Eight miles high and when you touch down
You’ll find that it’s stranger than known
(The cultural shock they experienced)
Signs in the street that say where you’re going
Are somewhere just being their own
(The street names in London are posted high on the sides of the corner buildings, not on a post.)

Nowhere is there warmth to be found
Among those afraid of losing their ground
(The British press didn't like the promoters touting the Byrds as America's answer to the Beatles)
Rain gray town known for its sound
(Foggy, rainy London. The town Americans associated with the sound of the Beatles and the Rolling Stones)
In places small faces unbound
(The screaming little girl fans everywhere the group stepped)

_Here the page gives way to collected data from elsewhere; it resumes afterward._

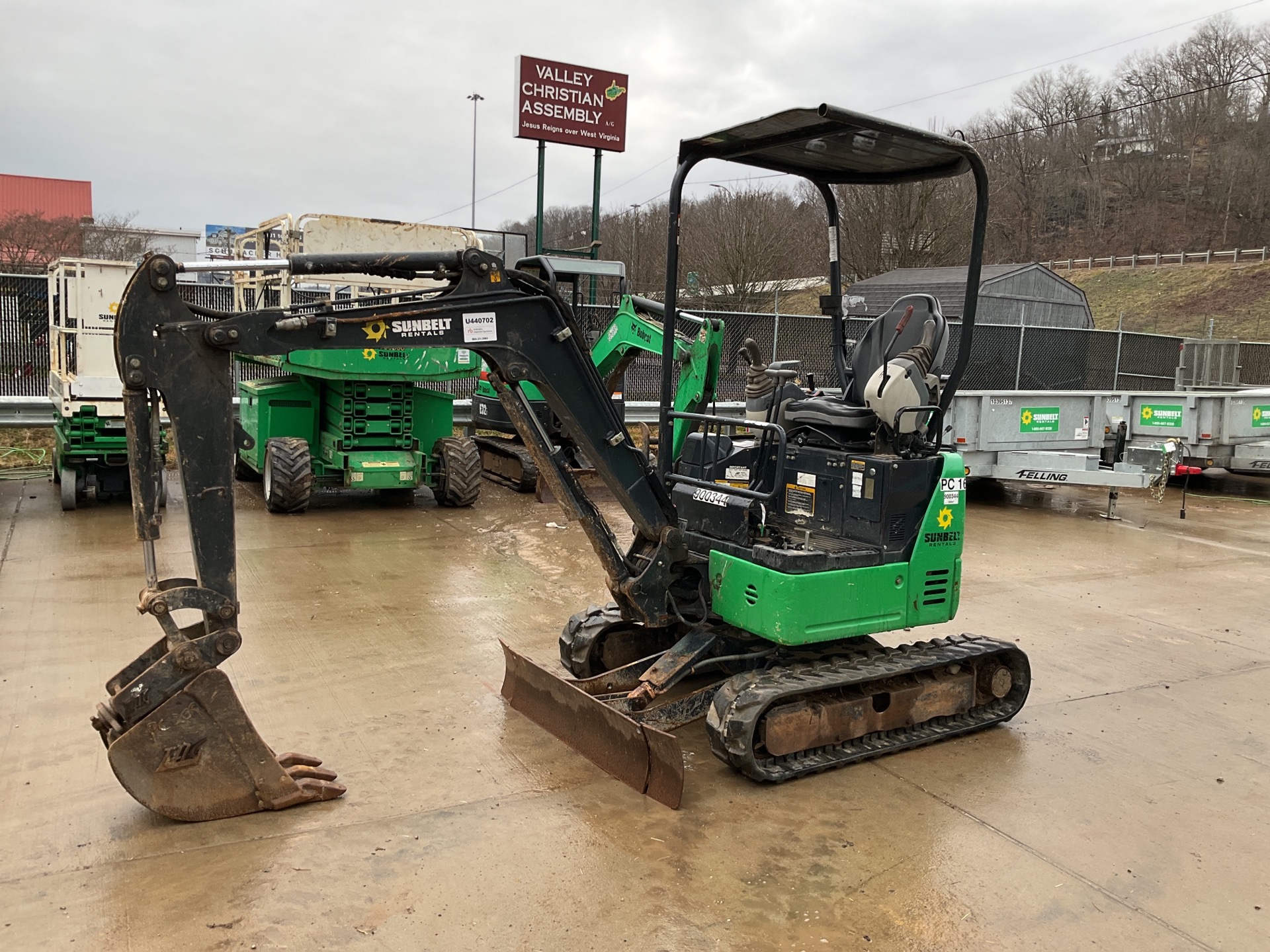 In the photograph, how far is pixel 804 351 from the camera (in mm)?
17344

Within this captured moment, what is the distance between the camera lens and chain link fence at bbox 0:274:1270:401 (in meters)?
13.7

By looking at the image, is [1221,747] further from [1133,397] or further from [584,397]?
[1133,397]

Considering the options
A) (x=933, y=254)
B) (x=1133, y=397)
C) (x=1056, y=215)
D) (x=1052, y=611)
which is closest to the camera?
(x=1052, y=611)

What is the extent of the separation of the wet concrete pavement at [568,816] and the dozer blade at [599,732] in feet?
0.28

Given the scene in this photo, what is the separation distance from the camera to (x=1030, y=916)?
3.61 metres

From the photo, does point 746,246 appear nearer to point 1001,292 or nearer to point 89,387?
point 1001,292

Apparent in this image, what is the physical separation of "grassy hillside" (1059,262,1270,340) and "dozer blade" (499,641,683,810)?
118 feet

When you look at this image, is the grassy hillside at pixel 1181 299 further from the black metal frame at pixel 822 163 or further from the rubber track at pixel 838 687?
the rubber track at pixel 838 687

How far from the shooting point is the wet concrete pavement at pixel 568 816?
136 inches

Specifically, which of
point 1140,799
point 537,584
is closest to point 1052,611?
point 1140,799

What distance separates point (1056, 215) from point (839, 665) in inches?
2202

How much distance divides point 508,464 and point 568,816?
855cm

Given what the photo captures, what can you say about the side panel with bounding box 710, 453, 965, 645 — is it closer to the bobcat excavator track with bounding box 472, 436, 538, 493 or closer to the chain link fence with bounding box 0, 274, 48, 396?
the bobcat excavator track with bounding box 472, 436, 538, 493

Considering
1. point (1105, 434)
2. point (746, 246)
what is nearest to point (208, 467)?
point (1105, 434)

Round the squares huddled in storms
(The groups of fans waiting for them in the rain)
Some laughing some just shapeless forms
Sidewalk scenes and black limousines
(Getting out of the limos and being pressed by the crowds on the sidewalks)
Some living some standing alone
(The kids excited by the mayhem of the scene while the policemen stood by watching)

Now back to the future:

We had one day off before our flight home. After an interview with Mandy Moore from BBC radio and a business meeting with Nick to discuss the summer tour in the UK and Europe, we set our course for a late lunch at a London landmark.

The food court at Harrods has high quality kitchens surrounded by seated bars. We have always been drawn to the seafood grill. As we walked toward our favorite corner, two seats opened up at the new Caviar bar. With one quick look at each other, we jumped on those empty stools. Watching the creative cooks, the United Nations of people strolling by and tasting the food in the bustling food court creates a memory easily refreshed by all the senses.

Photo by Camilla

Within a week’s time, we flew to London; joined a parade; watched an American historical inauguration on BBC television; filmed a show for BBC television; enjoyed an evening with old friends and watched the clouds float around the Tower of Big Ben.

Old memories and new memories; London is one of our favorite cities. We're looking forward to going back in June!